By Adem Kılıç
Coup attempts to overthrow governments became more frequent than elections across Africa. Studies demonstrate that the African Continent is the most prone to coups in the world.
According to research conducted by the New York-based Council on Foreign Relations, there have been at least 200 coups and coup attempts on the African continent over the past 50 years. The data shows that the majority of these coups occurred in the Western region of the continent. Nigeria, Ivory Coast, Senegal, Mauritania, Mali, Niger, Ghana, Liberia, Burkina Faso, Benin, Togo and Guinea in the West African region, stand out as the primary countries prone to coups, exceeding 70% of the continent’s total.
In the wake of the fight for independence on the African continent in the early 1960s, people thought they might see an end to repression and exploitation. However, the colonial powers had granted African countries independence only on paper. These powers retained their presence and exploitation throughout the continent, both through colonization agreements and together with local collaborationist politicians.
The continuing effects of exploitation in the years following independence came with economic difficulties and inequality that persisted despite the continent’s rich reserve of natural resources. This became the main obstacle to the success of the national structures that had only come into being. However, the most brutal coups that occurred to countries involved in independence processes were organized, directly or indirectly, by the West. Western powers armed and financed coup leaders in order to obtain natural resources or oust leaders they ideologically opposed.
Global superpowers used intelligence agencies to infiltrate the politics and armies of various governments to finance military coups, and the regimes that came to power as a result were beholden to their former colonial exploiters once again.
Today, although these strategies are still being used, another strategy has developed that could be considered new. Under the pretext of terrorist organizations or separatist groups, coup processes are being carried out in order to justify troop deployment, occupation and control of administrative apparati. The latest examples of this were seen in some countries in Africa in a short period of just 15 months: Sudan and Guinea are examples.
Coup incentives and the forces behind them
But the times are changing. Governments across Africa are increasingly becoming aware of the folly and impasse of being subjected to the same world power before and after independence, and are now seeking alliances with other global powers in order to obtain some stability.
Many actors who want to take advantage of Africa’s strategic position and rich resources have begun to make serious investments into the continent over the past 20 years. The efforts of China, Russia and Turkey are becoming increasingly worrying to western countries, chiefly France, which wishes to maintain its colonial status.
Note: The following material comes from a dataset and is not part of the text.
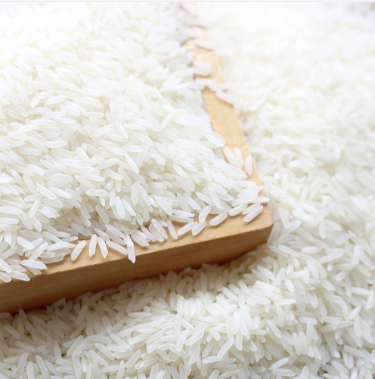 Jasmine Rice/Long Grain Thai .Top Standard Thai Rice Jasmine Rice/Thai Jasmine Rice for sale. Sales now. - Image 3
China is currently the largest trading partner in Africa with an annual China-Africa trade exceeding $200 billion. According to the data of the American-based Rand Corporation, more than 10 thousand Chinese-possessed firms currently operate on the African continent. In addition, China has recently enhanced its military moves in Africa and established its first military base abroad in Africa.
Aside from China, Russia is currently the number one arms supplier in Africa. According to the 2021 SIPRI data, at least 35% of Africa’s total arms imports are covered by Russia. It is also well known that Russia is making efforts to establish military bases in 6 African countries, Sudan first and foremost. Russia is expanding its presence in several African countries, including Mali, which very recently was subject to a coup d’état.
Understanding the fact that their investments will not be permanent if they are not supported by political circles, these new actors are in much tighter contact with the military and bureaucratic elements of the countries in question. The opportunities offered by new actors seem to be much more attractive to these countries that wish to develop, compared to what France offers. Global actors such as Turkey are approaching these nations with win-win strategies to the supreme annoyance of the continent’s former occupiers.
The first fear of the Western world is that Africa will fall under the control of China and into the Russian sphere of influence. Secondly, they are afraid that under Turkish leadership, African countries turn into islamics entities. Approximately 800 million Muslims live in Africa with a total population of 1.5 billion people, and 27 of the 57 member countries of the Organization of Islamic Cooperation are located there. Conflicts between the Ottoman Empire and the West between 1500 and 1900 are an important part of the history of the region.
Today, 400-year-old historical relations and the religious unity between the Ottoman Empire and African countries offer great strategic advantages to modern day Turkey. In this context, Turkey-Africa relations have reached new heights with policies put in place in the 2000s and financial investments. This has proven to be a lucrative strategy, and with the gains it has offered, financial assistance through institutions such as the Red Crescent, TIKA, and the Yunus Emre Foundation were given. This situation undoubtedly bothers the West profoundly. Turkey’s slogans such as “a more just world is possible” and “the world is bigger than five” have a profound impact on African states and the Muslim peoples who have long been exploited.
In recent years, the political developments in many regions of Africa and the blooming effectiveness of actors such as China, Russia and Turkey are driving the interests of the West, especially France, into a dead end across Africa. The recent anti-French demonstrations in Mali and Burkina Faso are one indication of where things are heading.
On the other hand, if we consider the fact that France has held the national reserves of 14 African countries since 1961, and the fact that the French treasury obtains a huge amount of income from Africa, we will achieve a better understanding of the incentives of developments motivating the West.